*** AVAILABLE DATA

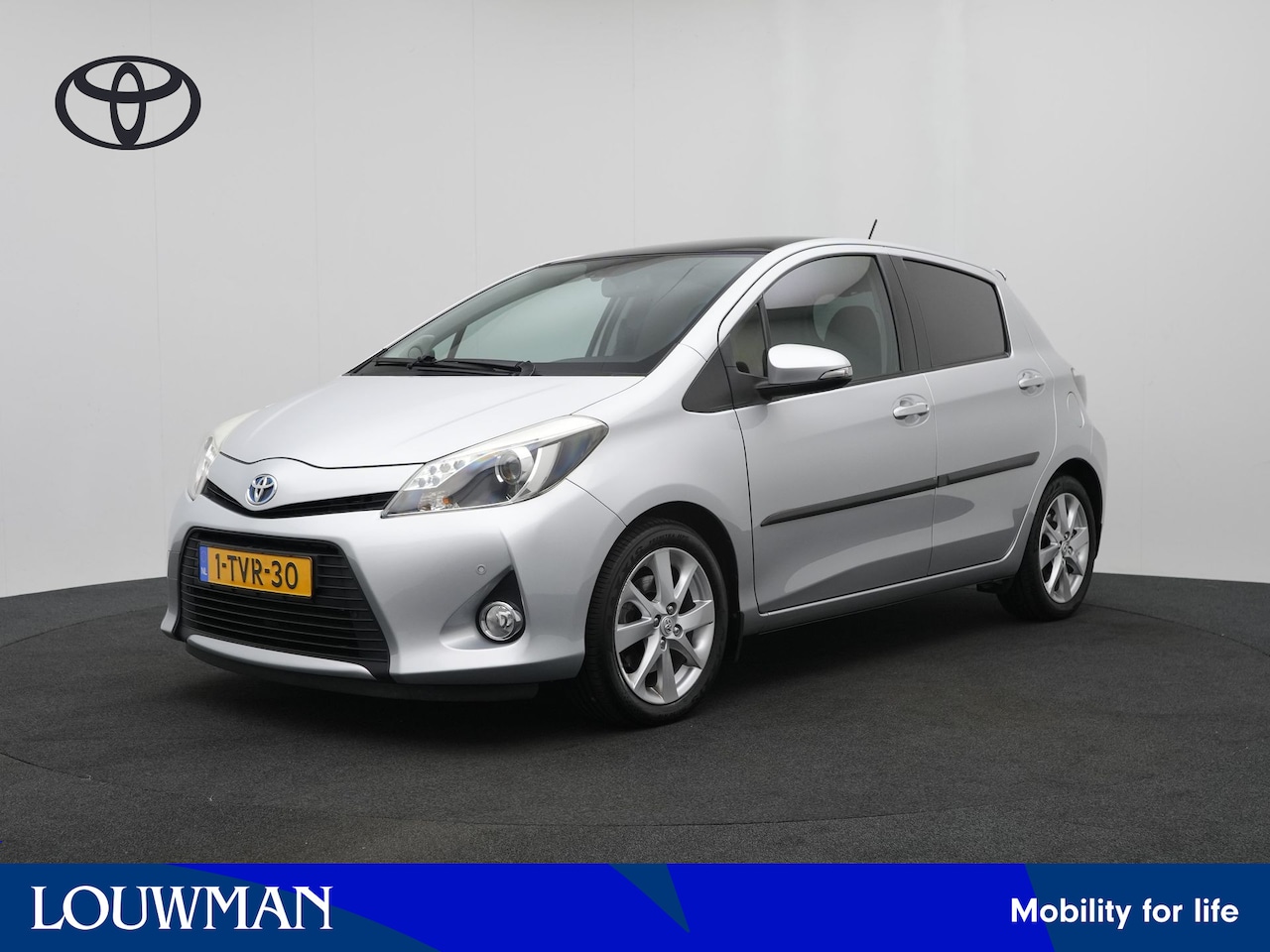 Toyota Yaris - 1.5 Hybrid Dynamic | Panoramadak | Xenon | Parkeersensoren v+a | Reco - AutoWereld.nl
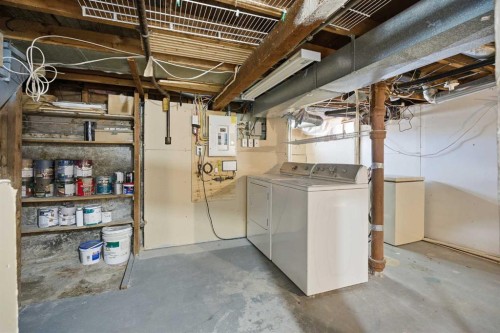 224 30 Avenue Ne, Calgary, AB - Indoor Photo Showing Laundry Room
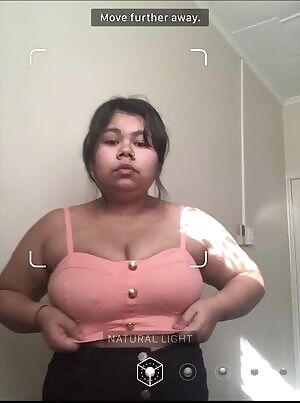 My top deserves a medal for holding all that in 🌸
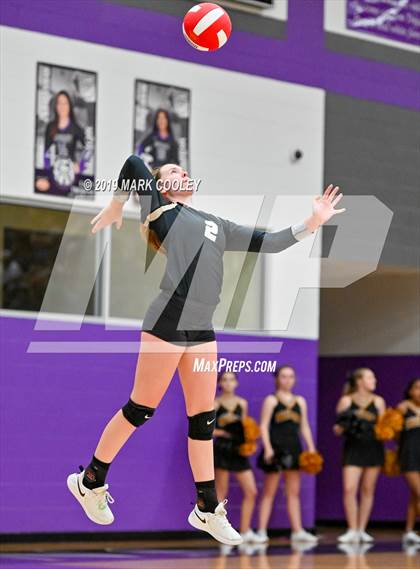 Thumbnail 3 in McGregor vs Groesbeck (UIL 3A Bi-District) photogallery.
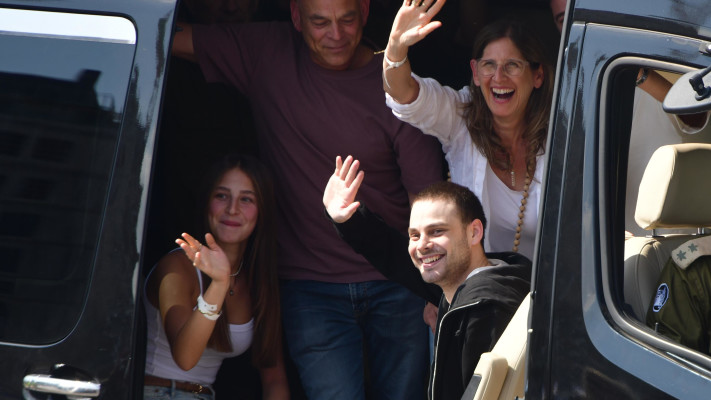 אלון אהל בדרכו לבית החולים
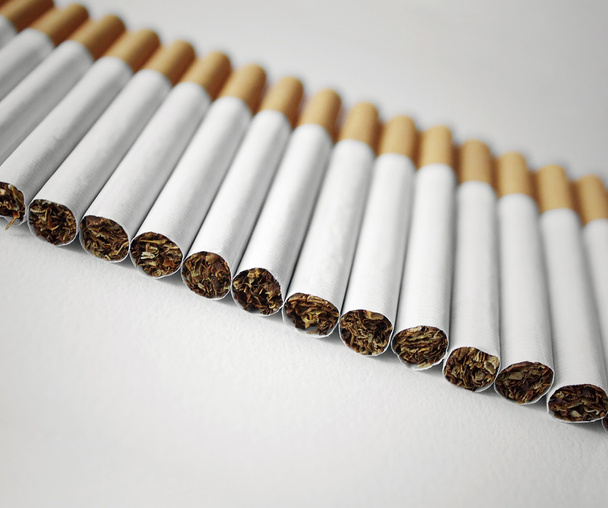 Fila de cigarrillos
 - Foto, Imagen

******

### DESCRIPTION OF THE TASK:
I would like the lines from the one with "My top deserves" through the last line of the data above retyped exactly, with pictures left out, please.

### YOUR SOLUTION:
 My top deserves a medal for holding all that in 🌸
 Thumbnail 3 in McGregor vs Groesbeck (UIL 3A Bi-District) photogallery.
 אלון אהל בדרכו לבית החולים
 Fila de cigarrillos
 - Foto, Imagen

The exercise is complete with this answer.